Wall: So, alternative instruments then. and what's your second tip?
Hambro: Well, the second kind of theme that we've got inside the Trust right now is that most of the – kind of mid-cap to large-cap companies have gone into the financial crisis with a high level of gearing. And when you look at the enterprise value of the companies, the combination of the market cap and the debt side of the balance sheet, in many cases, the debt side overwhelms the equity. Now we've seen this period of stability in commodity prices; so iron ore and copper in particularly, that debt is starting to disappear quite rapidly. And now we're starting to read reports by analysts talking about passing the peak of debt in terms of the financing needs of these companies. And as that debt starts to disappear the value shifts to the equity side, and obviously, is directly related to the share price. So, we're now starting to see these companies evolve out of perceived high risk situations with regards to balance sheet and then rapidly derisking because the cash flow margins are very strong. So, iron ore companies would be a classic case to look at there and some copper companies as well. So, there is two big themes inside the portfolio for us kind of deleveraging element.
Wall: What's the third?
Hambro: I think the third theme is the market today generally when it comes to resources is probably looking at it in the kind of despair phase or maybe moving from the despair phase into the kind of skepticism or pessimism phase. We're long, long way away from the optimism phases of 2007, 2008. So, I go and see my colleagues in BlackRock, or I can speak to clients in the market, and generally, people are interested to hear what's going on but don't really have an appetite to invest. So, this lack of interests that we're seeing today is really forcing the kind of the foundations of what we perceive as a very strong market in the future. Management has changed the way they run the companies. We're early on in the process. The mining sector is well ahead of the gold space in this; they started a year ago or so. So that promising capital returns, increase in dividends, cutting CapEx, cutting operating expenditure; all of the kind of good things that they should have been doing anyway are now doing aggressively, and all of this is likely to release value. So I think that the overall theme is just going to carry the sector.

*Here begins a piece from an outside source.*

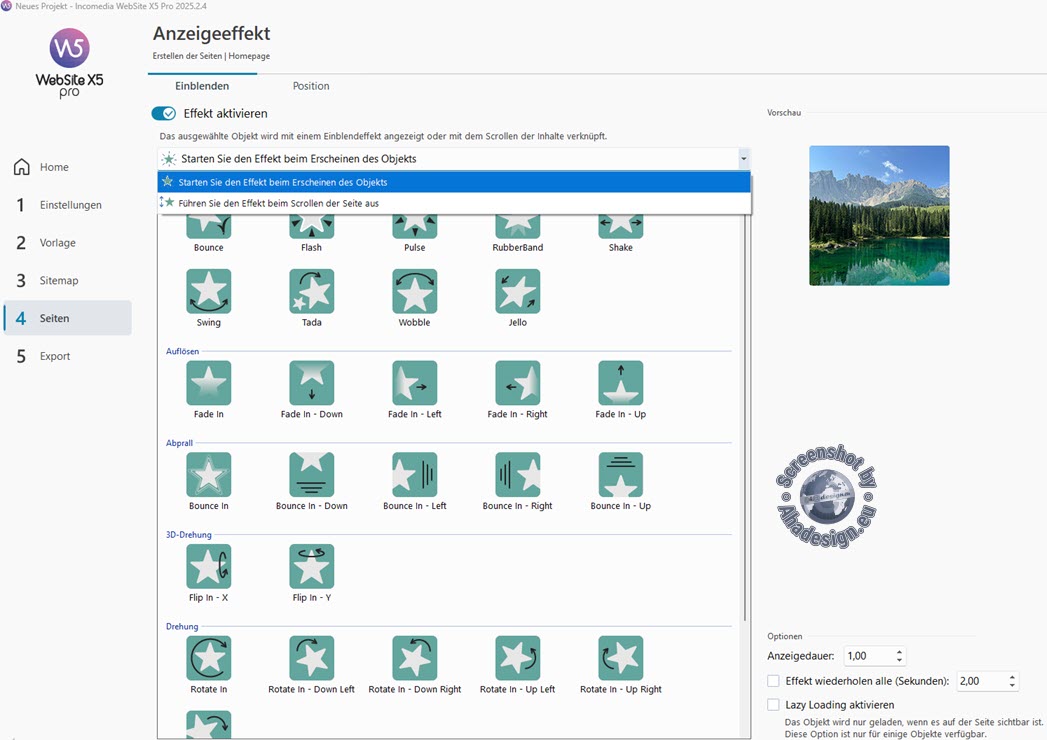Surfen mit visuellen Effekten für professionellen Webauftritt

Then, we've got the macro recovery going on in the world economy. And this is – as we move into 2015 – second half 2014, and 2015, we're likely to see synchronous global growth going on in the world. So, China is going to continue to be growing, Europe might start to recover, and the U.S. will be continuing to grow. So, we haven't had synchronous growth for many, many years and thinking back to the 1990s, synchronous growth is always associated with the commodity boom market, and when you overlay the lack of investment into new supply, the second half of this decade does look pretty strong.
Wall: So, pessimism can be a good thing?
Hambro: I think – well, as they say boom markets are born in periods of despair, thrive in pessimism, and peak in optimism; and we're in this transition from despair into pessimism right now.
Wall: Evy, thank you very much.
Hambro: Thank you.
Wall: This is Emma Wall for Morningstar. Thank you for watching.